Transcribe the records below exactly, leaving out any pictures.

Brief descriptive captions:
Content starts

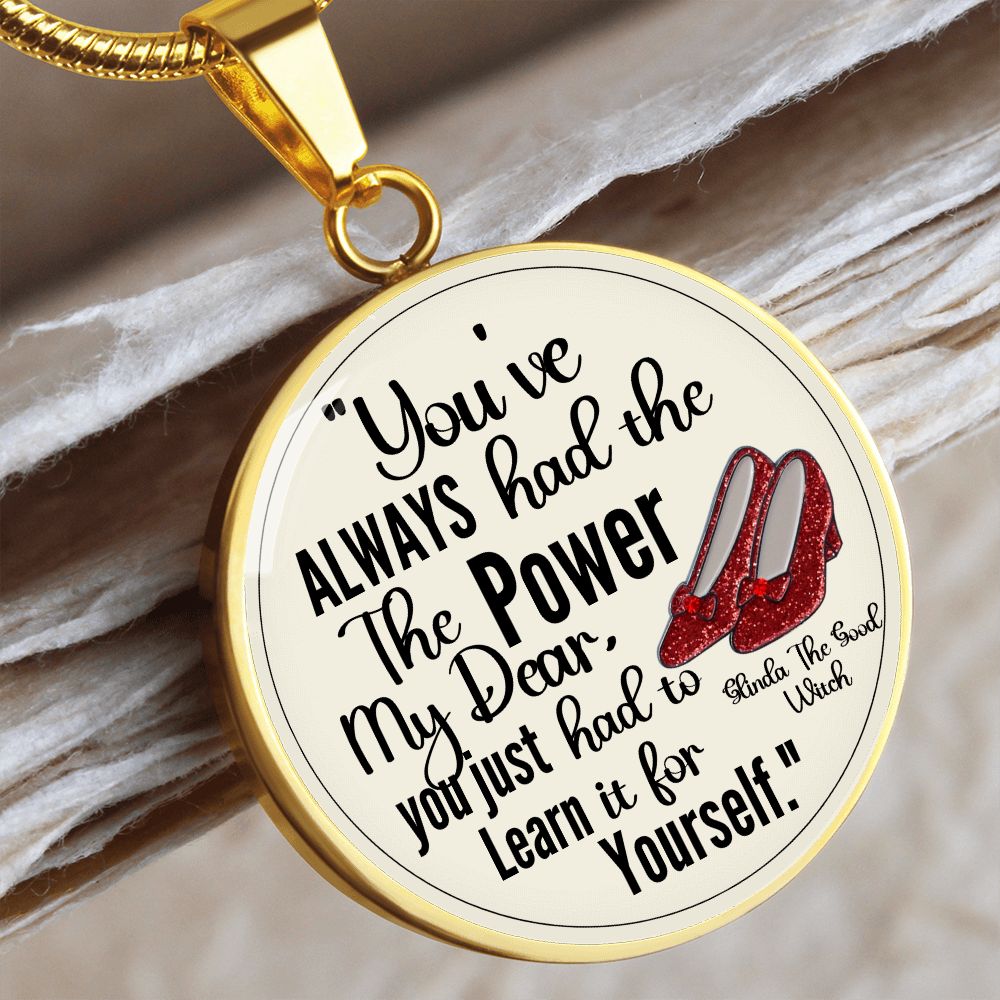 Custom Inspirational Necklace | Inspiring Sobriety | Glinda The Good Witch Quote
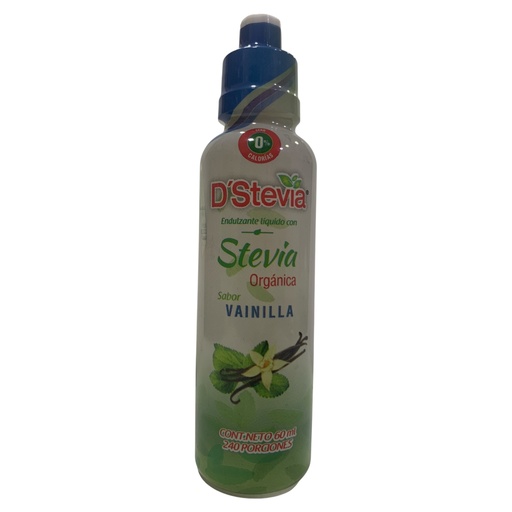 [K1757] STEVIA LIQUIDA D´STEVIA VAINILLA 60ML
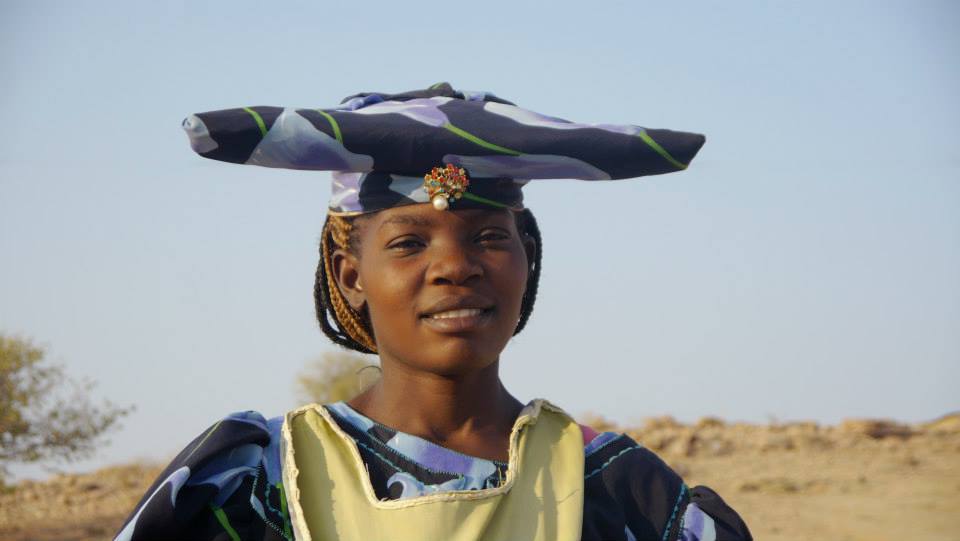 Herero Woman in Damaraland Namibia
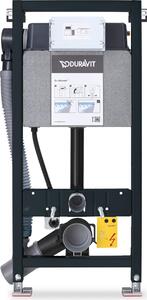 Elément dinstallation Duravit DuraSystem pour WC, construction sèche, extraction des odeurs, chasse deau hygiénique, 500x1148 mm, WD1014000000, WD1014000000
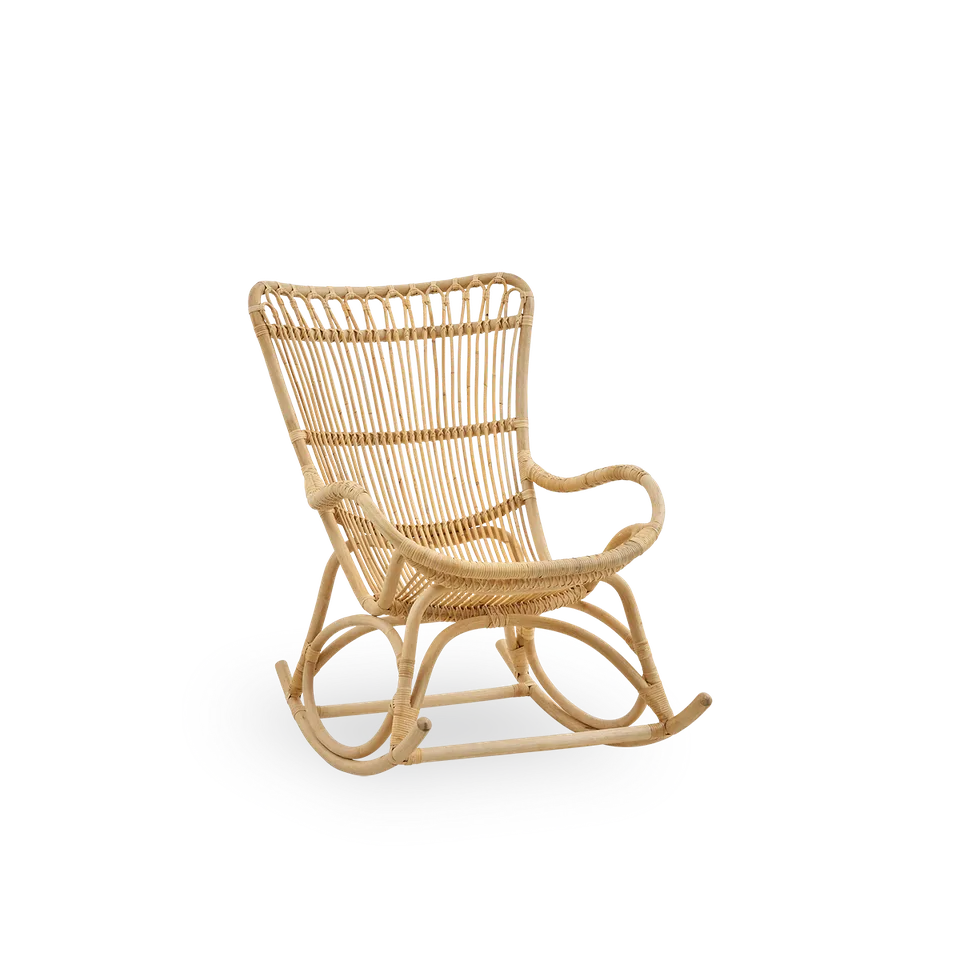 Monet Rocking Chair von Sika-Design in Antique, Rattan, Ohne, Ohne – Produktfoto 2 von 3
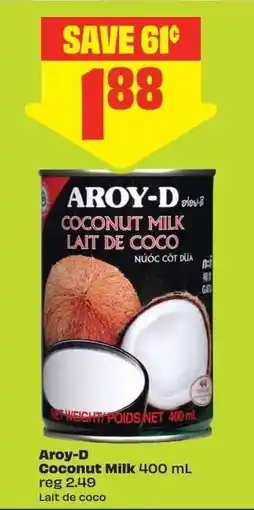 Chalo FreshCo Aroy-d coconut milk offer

Content ends

→ RESULT OF THIS EXERCISE:
 Custom Inspirational Necklace | Inspiring Sobriety | Glinda The Good Witch Quote
 [K1757] STEVIA LIQUIDA D´STEVIA VAINILLA 60ML
 Herero Woman in Damaraland Namibia
 Elément dinstallation Duravit DuraSystem pour WC, construction sèche, extraction des odeurs, chasse deau hygiénique, 500x1148 mm, WD1014000000, WD1014000000
 Monet Rocking Chair von Sika-Design in Antique, Rattan, Ohne, Ohne – Produktfoto 2 von 3
 Chalo FreshCo Aroy-d coconut milk offer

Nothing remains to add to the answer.